Esta vez eran órdenes de abajo: tenía que ir al baño.

Cuando volví mi familia seguía conversando entre sonrisas, pero esta vez comentaban una novedad: durante mi ausencia, el administrador de la playa se había acercado al padre de mi novia a pedirle que dejara de usar como asiento la mesa que preside las bancas.

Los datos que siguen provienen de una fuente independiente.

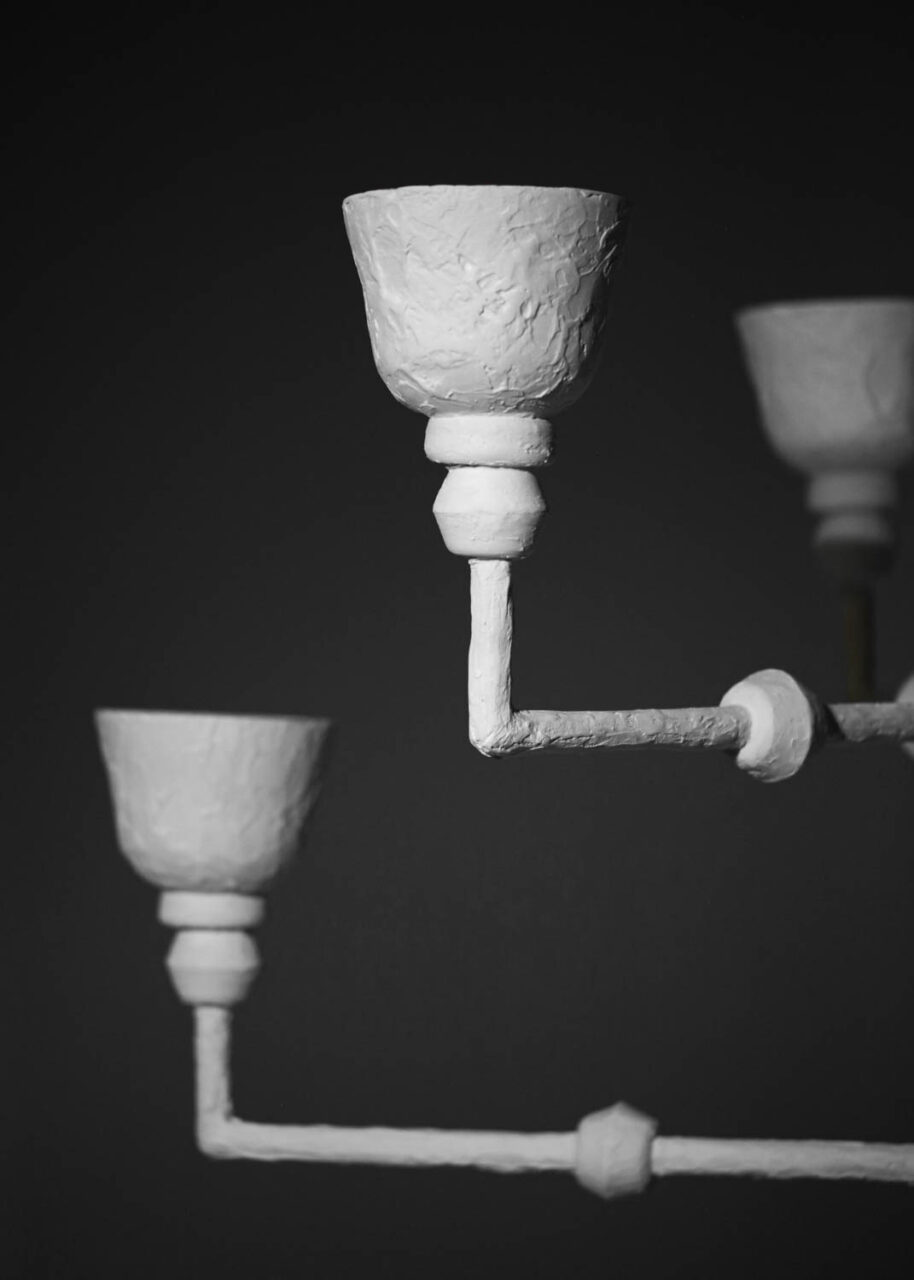 Modern plaster chandelier sculpture style MM001 Danke Galerie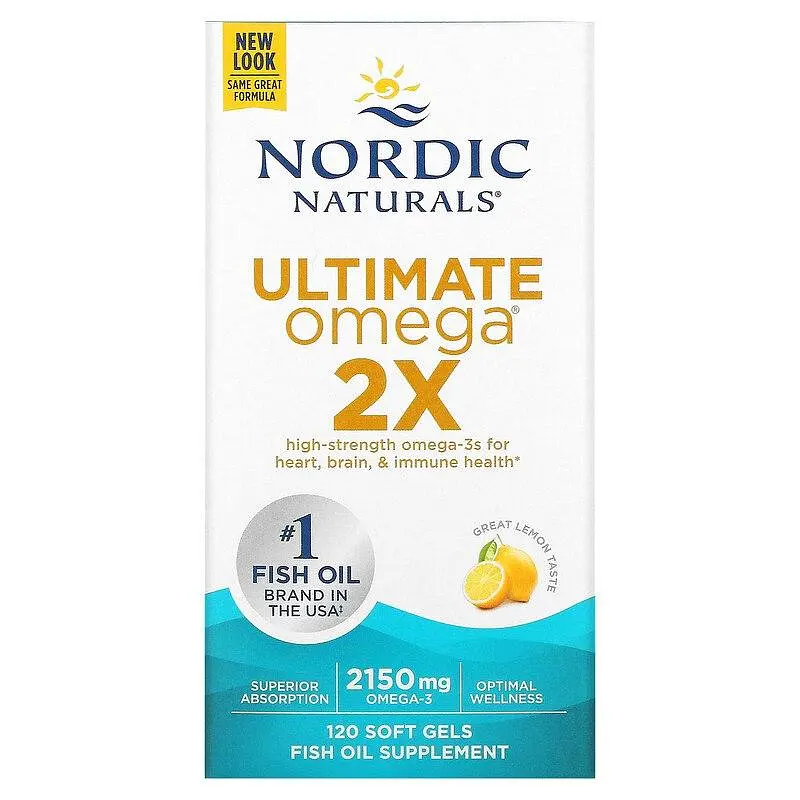 Рибʼячий жир Nordic Naturals Ultimate Omega 2X 2150 мг 120 гел капс - фото 2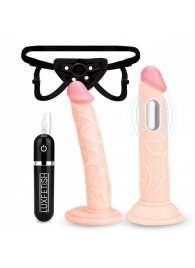 Регулируемые трусики с 2 насадками - 16 и 15 см. - Lux Fetish - купить с доставкой в Набережных Челнах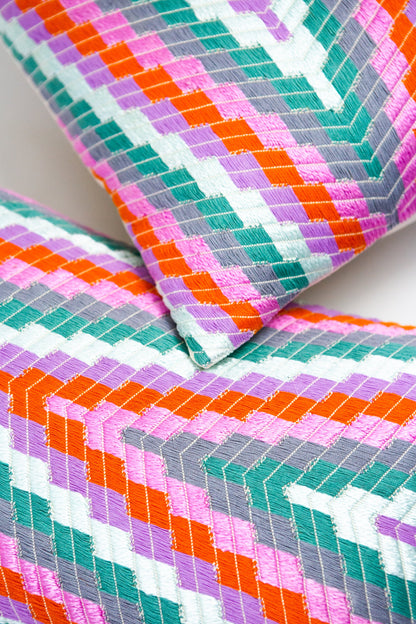 Almolonga Zig Zag Pillow - Orange Multi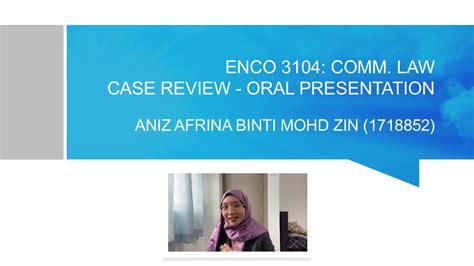 enco 3104 case review gender discrimination youtube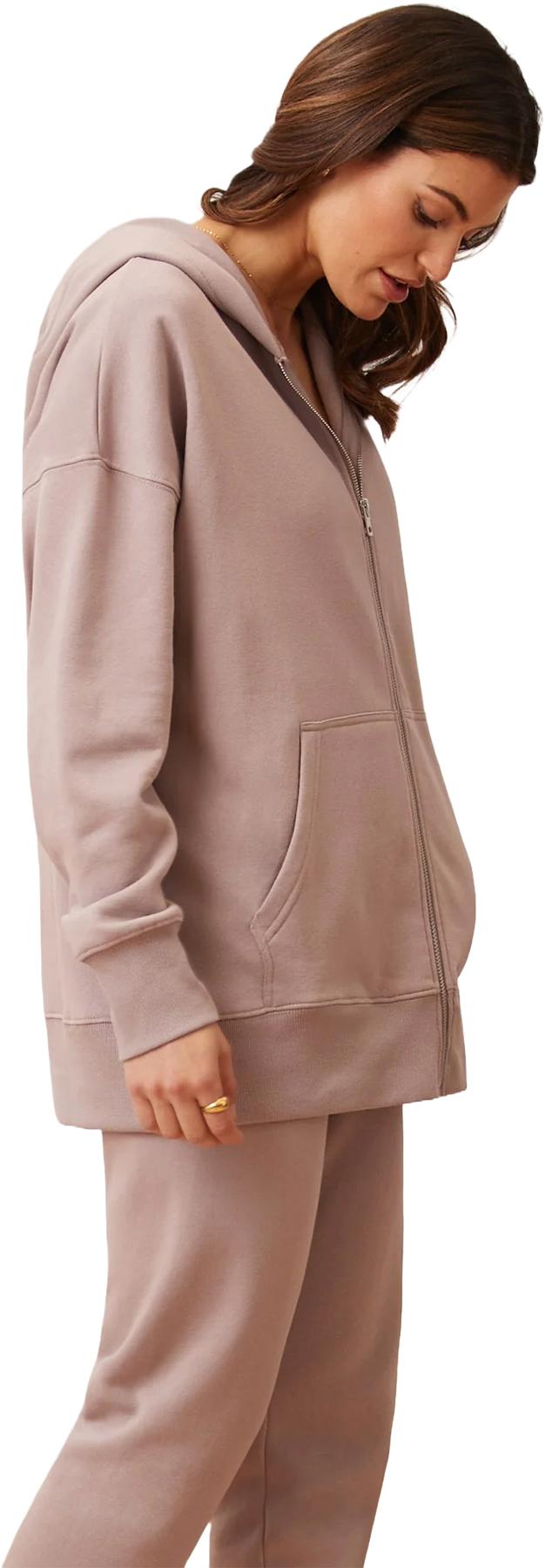 Product gallery image number 4 for product Oversized Boyfriend Zip-up Hoodie - Women's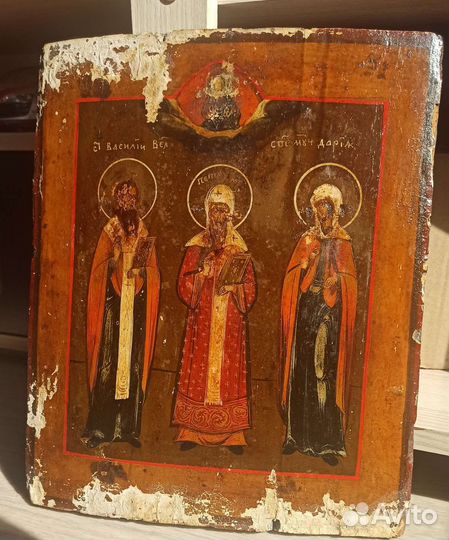 Икона Святые Василий Пётр и Дарья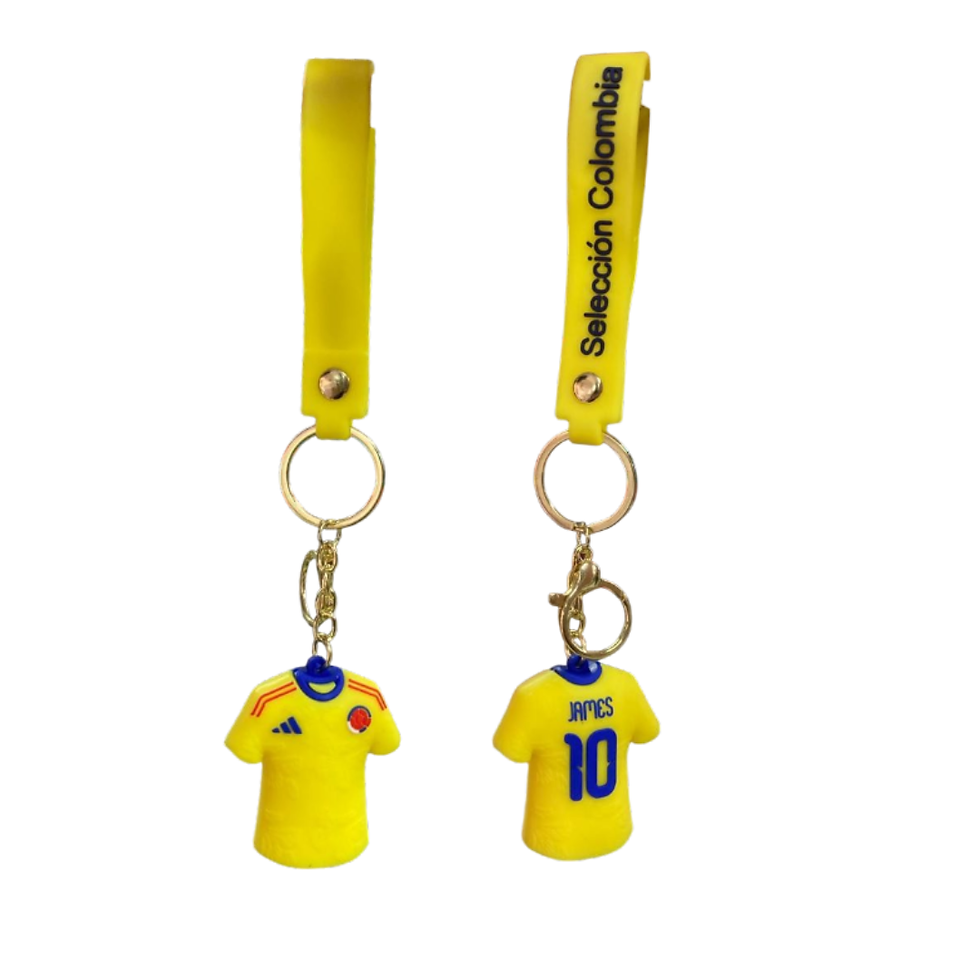 Miniatura: LLAVERO DE GOMA SELECCIÓN COLOMBIA 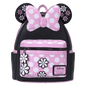 Loungefly Disney
Minnie Mouse Floral Rock The Dots Mini Backpack
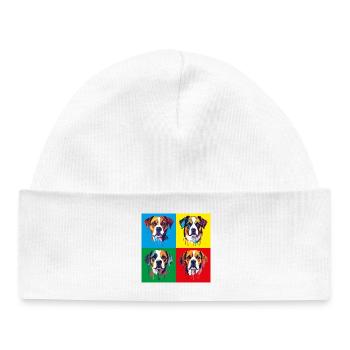 Dog Pop Art Portrait - Baby Organic Beanie - white - Front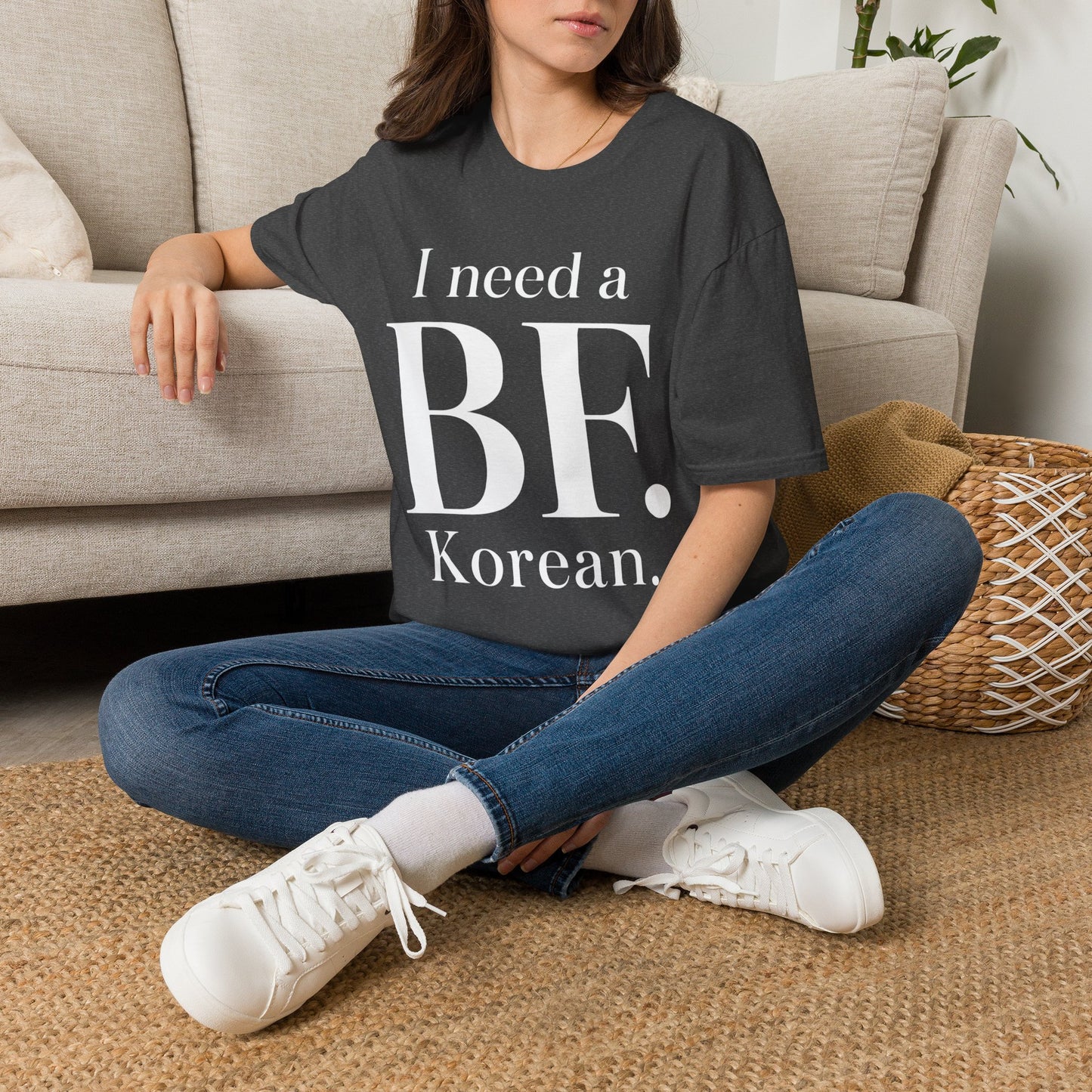 I NEED A BF. KOREAN T-SHIRT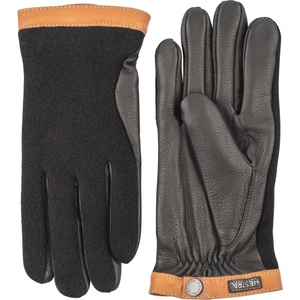 Hestra Ръкавици Hestra Deerskin Wool Tricot Gloves - Black / Black - размер 7 (EU) (202-1475-0312)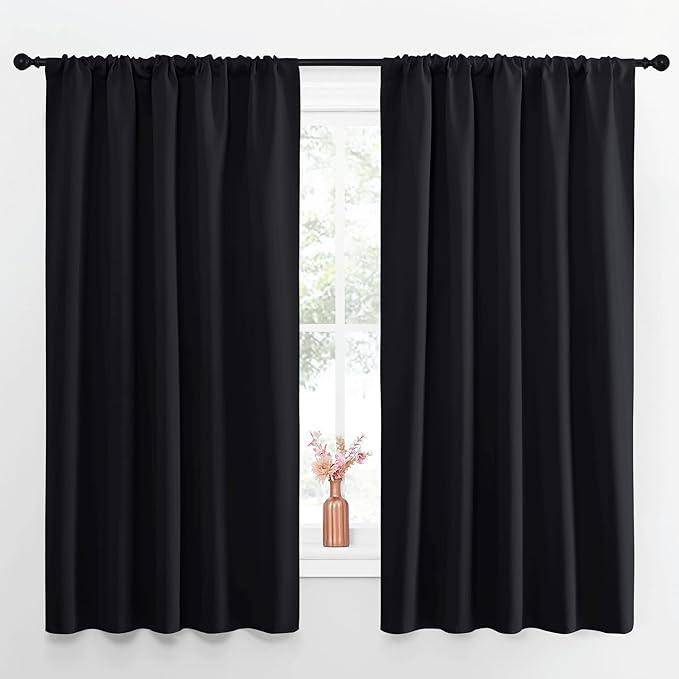 NICETOWN Black Out Window Curtains by NICETOWN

El papá de mi novia es un señor educado que siempre lleva la fiesta en paz. Él lo tomó como una anécdota y yo como tema para un artículo. ¿No es curioso lo literales que solemos ser las personas? El vecino que sugirió al administrador que invitara a mi suegro a bajarse de esa mesa no se daba cuenta de que, en ese instante, ese tablón no cumplía la función de un altar religioso. Era un refugio contra el sol. Si ese conjunto de bancas se convierte en una capilla una vez a la semana es, ni más ni menos, por obra de una convención temporal. De la misma forma y bajo esa convención, si al caminar hacia esos árboles hubiéramos visto a un vecino rezando en alguna de esas bancas, habríamos entendido que lo mejor era no irrumpir en su espacio. ¡Ah! Si en vez de ser tan pegados a la letra en nuestras creencias religiosas lo fuéramos en esa otra convención llamada espacio público, tendríamos más orden en nuestras calles y menos conflictos al defender nuestros derechos.